Broadly speaking, latent class analysis (LCA) is a type of finite mixture model (FMM) that derives clusters using probability models, whereas cluster analysis (CA) derives clusters using some sort of distance measure$^1$. LCA is a type of FMM that uses probability models for categorical data (e.g., dichotomous and ordinal data). If your data is categorical, I would lean more towards LCA as CA methods, such as K-means, treat the data as continuous. That being said, depending on the purpose of your analysis, K-means may also be an acceptable choice, as recent research (e.g., Brusco, Shireman, & Steinley, 2017) has shown that K-means clustering can produce acceptable results even when the data is dichotomous.
Finally, see this post for more info. They go into further details regarding the pros and cons of FMM vs. CA. One thing mentioned there of particular note is that FMMs are much more flexible than CA, as they allow for many extensions, such as the inclusion of covariates and hierarchical/nested data structures.

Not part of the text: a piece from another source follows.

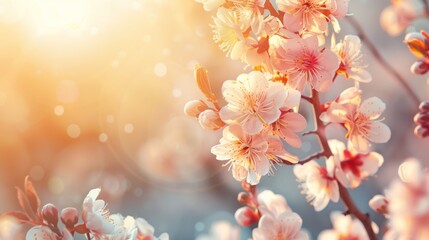 Wall Mural - Blooming Pink Flowers Under Golden Sunlight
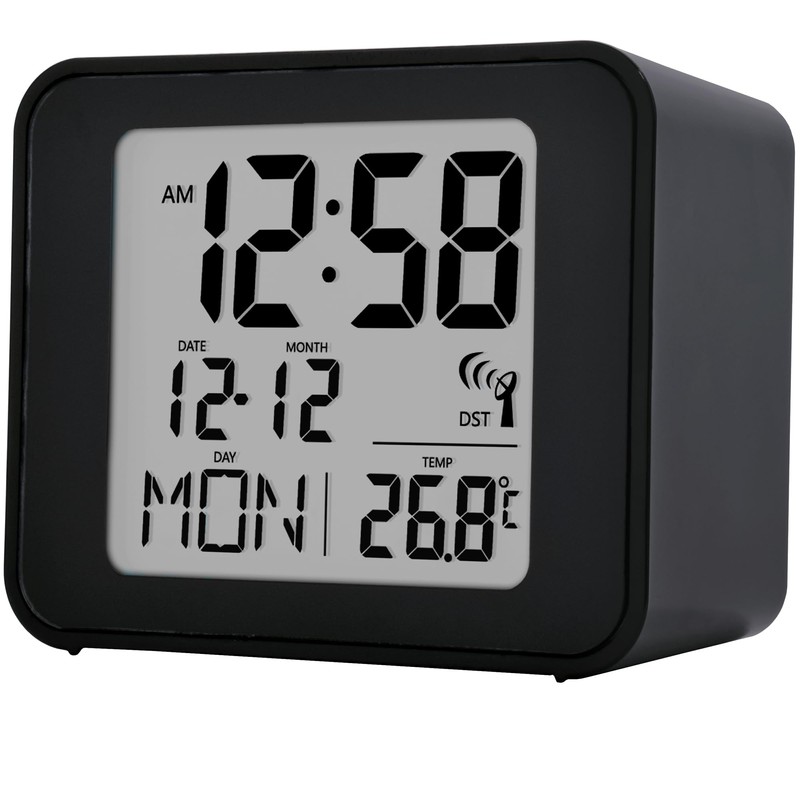 Acctim 71893 Cole Radio Controlled Alarm Clock in Black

$^1$ For more information on CA distance measures and their differences see Steinley & Brusco (2008).
References
Brusco, M. J., Shireman, E., & Steinley, D. (2017). A comparison of latent class, K-means, and K-median methods for clustering dichotomous data. Psychological methods, 22(3), 563.
Steinley, D., & Brusco, M. J. (2008). Selection of variables in cluster analysis: An empirical comparison of eight procedures. Psychometrika, 73, 125-144.